Cuba

El coronel con un Rolex y un yate: nieto de Castro tiene la llave de acuerdo con Cuba

El coronel cubano Raúl Guillermo Rodríguez Castro, nieto de Raúl Castro, asiste al funeral de los 32 soldados cubanos muertos durante la incursión estadounidense en Venezuela en el cementerio de Colón, en La Habana, el 16 de enero de 2026. El secretario de Estado de EEUU, Marco Rubio, ha mantenido conversaciones en secreto con un miembro de los Castro mientras intensifica la presión sobre la isla.
El coronel cubano Raúl Guillermo Rodríguez Castro, nieto de Raúl Castro, asiste al funeral de los 32 soldados cubanos muertos durante la incursión estadounidense en Venezuela en el cementerio de Colón, en La Habana, el 16 de enero de 2026. El secretario de Estado de EEUU, Marco Rubio, ha mantenido conversaciones en secreto con un miembro de los Castro mientras intensifica la presión sobre la isla. AFP via Getty Images

Una década después de la muerte de Fidel Castro, el destino de su revolución comunista podría estar ligado a un personaje inesperado: su propio sobrino nieto, un coronel apodado El Cangrejo, que siente debilidad por los lujos capitalistas —yates, fiestas VIP, aviones privados— vedados para la mayoría de los cubanos.

Raúl Guillermo Rodríguez Castro, 41 años, es el nieto mayor de Raúl Castro. Es hijo de la hija de Castro, Deborah, y del fallecido general Luis Alberto Rodríguez López-Calleja, el hombre que construyó un imperio militar, GAESA, que controla gran parte de la economía de la isla.

Castro, de 94 años, está formalmente retirado, pero sigue siendo “el líder de la revolución”, como lo llaman los medios estatales, y continúa tomando las decisiones que importan en el país, con la ayuda de su nieto favorito.
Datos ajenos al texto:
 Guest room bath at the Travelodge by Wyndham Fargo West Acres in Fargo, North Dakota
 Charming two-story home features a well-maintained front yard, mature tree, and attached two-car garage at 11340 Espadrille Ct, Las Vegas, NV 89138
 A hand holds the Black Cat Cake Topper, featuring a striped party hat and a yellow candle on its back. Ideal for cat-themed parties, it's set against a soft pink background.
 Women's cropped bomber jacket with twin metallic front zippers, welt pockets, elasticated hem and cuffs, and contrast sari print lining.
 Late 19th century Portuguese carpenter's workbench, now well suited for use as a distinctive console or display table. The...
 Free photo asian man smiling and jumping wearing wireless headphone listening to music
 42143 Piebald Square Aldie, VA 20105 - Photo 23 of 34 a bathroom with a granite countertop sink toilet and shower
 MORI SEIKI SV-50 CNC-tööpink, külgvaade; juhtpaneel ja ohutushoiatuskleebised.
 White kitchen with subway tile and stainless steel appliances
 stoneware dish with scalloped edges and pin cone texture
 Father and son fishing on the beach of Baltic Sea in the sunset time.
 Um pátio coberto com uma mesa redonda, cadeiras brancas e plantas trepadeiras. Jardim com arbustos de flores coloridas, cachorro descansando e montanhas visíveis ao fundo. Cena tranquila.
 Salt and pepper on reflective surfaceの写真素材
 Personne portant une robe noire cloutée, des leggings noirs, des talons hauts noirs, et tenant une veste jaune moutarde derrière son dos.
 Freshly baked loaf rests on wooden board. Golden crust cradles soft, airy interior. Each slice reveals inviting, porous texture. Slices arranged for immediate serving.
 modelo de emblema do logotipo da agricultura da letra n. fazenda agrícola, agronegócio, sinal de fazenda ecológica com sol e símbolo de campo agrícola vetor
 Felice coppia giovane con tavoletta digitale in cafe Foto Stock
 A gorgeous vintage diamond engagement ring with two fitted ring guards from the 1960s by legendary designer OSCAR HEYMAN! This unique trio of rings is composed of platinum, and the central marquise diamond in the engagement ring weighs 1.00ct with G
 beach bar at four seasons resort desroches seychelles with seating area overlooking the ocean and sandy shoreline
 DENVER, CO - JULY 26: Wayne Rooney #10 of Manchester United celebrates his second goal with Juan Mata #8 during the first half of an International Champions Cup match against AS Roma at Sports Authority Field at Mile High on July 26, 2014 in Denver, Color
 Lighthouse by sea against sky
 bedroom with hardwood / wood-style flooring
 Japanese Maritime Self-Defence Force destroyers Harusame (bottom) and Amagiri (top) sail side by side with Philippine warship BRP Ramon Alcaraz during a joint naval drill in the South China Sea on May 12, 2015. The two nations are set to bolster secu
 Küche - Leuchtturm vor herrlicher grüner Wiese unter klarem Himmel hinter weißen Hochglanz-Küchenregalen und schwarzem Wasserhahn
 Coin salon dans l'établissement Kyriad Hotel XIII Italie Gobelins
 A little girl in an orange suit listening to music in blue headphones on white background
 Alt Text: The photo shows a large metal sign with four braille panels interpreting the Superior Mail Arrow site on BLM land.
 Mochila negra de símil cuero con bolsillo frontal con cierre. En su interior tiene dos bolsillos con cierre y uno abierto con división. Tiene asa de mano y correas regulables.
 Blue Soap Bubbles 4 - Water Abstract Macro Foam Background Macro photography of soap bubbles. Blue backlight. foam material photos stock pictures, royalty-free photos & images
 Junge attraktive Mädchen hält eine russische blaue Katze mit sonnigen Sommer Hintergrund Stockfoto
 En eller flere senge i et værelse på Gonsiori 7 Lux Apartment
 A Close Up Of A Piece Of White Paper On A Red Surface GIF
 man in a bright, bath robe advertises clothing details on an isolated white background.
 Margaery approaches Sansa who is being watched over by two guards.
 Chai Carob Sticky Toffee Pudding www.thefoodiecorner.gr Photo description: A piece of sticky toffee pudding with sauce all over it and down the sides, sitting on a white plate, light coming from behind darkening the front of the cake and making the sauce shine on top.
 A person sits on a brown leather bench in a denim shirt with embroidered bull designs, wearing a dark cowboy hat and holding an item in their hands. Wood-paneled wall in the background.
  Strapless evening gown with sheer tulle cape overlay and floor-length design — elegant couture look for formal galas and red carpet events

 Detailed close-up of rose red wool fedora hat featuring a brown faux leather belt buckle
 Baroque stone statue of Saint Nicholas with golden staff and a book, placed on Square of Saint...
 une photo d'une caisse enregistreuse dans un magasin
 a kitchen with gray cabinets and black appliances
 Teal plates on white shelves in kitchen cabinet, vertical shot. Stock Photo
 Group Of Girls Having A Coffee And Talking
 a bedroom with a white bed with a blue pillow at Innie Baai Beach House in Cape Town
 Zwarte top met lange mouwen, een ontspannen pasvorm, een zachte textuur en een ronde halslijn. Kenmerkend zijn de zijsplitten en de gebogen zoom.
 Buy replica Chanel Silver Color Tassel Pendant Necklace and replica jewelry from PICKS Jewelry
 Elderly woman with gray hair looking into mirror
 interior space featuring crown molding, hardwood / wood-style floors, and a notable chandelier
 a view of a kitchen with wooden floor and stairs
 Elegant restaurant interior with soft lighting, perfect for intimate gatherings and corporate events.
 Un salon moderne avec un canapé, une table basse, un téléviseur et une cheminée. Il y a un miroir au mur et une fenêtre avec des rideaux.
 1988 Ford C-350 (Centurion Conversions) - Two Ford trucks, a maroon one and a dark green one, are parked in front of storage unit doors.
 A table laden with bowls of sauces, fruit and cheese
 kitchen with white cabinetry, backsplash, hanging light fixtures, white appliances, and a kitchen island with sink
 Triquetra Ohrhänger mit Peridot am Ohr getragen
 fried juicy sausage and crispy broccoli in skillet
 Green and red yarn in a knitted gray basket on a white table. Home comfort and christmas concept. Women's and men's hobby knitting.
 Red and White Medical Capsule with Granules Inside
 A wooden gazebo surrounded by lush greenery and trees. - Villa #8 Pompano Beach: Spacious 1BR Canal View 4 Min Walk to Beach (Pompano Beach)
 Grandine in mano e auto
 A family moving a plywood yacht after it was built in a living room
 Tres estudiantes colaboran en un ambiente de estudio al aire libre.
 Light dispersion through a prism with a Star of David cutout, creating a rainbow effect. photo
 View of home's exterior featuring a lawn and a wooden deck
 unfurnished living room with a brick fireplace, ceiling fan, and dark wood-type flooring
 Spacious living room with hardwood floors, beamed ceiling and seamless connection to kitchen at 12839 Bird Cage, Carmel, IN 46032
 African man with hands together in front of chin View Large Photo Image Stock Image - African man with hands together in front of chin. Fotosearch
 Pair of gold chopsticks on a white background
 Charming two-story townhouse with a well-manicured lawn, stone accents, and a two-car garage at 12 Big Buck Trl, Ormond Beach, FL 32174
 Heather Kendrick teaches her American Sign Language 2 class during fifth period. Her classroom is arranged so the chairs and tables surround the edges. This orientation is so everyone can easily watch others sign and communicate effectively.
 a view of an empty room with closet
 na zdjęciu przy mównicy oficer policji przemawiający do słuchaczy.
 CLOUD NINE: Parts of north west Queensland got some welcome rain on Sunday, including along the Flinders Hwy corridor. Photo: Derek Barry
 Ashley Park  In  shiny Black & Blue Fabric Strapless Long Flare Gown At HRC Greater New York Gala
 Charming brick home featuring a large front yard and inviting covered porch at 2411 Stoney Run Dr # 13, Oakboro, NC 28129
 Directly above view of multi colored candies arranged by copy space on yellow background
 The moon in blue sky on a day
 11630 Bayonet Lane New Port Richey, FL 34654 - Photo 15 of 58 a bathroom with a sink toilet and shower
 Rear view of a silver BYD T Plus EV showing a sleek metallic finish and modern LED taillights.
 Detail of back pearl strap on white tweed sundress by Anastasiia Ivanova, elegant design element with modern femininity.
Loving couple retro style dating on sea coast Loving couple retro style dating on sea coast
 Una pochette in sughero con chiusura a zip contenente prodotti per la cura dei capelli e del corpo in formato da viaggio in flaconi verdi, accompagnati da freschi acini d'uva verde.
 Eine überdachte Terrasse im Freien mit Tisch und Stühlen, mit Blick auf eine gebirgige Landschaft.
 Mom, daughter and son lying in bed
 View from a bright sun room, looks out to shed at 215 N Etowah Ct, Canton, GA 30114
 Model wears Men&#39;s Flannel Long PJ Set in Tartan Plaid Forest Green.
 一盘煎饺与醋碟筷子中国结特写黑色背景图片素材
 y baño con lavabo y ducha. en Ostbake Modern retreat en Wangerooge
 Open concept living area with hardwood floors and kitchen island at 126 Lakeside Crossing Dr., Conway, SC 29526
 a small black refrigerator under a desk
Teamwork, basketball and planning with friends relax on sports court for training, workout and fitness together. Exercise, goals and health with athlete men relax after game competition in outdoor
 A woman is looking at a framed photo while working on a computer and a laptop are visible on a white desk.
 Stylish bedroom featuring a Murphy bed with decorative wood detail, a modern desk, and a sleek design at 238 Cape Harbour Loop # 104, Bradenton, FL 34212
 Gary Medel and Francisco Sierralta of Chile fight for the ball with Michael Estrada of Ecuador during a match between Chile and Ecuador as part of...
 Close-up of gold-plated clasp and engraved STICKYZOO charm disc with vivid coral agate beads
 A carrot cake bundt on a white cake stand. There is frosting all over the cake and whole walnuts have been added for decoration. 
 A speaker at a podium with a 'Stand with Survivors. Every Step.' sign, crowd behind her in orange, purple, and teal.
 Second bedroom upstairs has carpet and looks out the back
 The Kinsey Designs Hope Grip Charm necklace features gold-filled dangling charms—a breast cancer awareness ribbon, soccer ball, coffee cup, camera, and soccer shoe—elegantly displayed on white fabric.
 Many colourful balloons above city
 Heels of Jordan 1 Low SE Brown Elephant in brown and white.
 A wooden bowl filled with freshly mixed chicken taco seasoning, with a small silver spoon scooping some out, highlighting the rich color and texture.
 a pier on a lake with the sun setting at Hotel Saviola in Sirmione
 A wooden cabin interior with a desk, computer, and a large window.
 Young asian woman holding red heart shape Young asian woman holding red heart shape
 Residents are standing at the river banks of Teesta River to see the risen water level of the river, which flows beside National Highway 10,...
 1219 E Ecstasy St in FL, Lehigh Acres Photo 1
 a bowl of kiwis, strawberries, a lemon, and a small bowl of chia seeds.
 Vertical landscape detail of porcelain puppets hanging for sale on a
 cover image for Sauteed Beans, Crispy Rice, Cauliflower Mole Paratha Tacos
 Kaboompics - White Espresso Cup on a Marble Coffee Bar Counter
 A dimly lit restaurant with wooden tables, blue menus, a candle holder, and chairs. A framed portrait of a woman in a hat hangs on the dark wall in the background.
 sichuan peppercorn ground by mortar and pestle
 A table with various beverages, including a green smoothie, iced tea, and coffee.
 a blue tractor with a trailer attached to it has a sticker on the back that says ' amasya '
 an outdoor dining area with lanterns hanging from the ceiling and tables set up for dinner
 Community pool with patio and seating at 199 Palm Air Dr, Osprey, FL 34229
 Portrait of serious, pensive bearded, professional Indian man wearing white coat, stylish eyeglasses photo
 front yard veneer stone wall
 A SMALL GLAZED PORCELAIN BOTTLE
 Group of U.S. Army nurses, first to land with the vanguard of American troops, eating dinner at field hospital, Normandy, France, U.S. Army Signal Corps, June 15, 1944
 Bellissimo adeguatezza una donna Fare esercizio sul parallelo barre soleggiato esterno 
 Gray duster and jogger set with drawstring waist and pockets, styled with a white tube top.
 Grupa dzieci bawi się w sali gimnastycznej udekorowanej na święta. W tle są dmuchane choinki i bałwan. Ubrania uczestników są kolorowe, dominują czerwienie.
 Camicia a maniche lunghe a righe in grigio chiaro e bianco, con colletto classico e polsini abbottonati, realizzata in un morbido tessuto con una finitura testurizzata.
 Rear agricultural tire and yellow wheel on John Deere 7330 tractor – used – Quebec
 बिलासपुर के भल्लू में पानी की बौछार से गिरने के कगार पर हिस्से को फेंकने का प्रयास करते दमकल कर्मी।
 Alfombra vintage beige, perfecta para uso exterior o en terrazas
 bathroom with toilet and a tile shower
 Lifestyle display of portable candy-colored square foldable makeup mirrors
Por eso El Cangrejo ha llegado a desempeñar un papel inesperado y relevante en uno de los momentos más delicados de la reciente historia cubana, como la persona clave en la órbita de Castro con la que la administración Trump se ha puesto en contacto para ver si estaría dispuesto, en términos de Trump, a facilitar “un acuerdo” que pudiera empezar a desmantelar seis décadas de comunismo en la isla.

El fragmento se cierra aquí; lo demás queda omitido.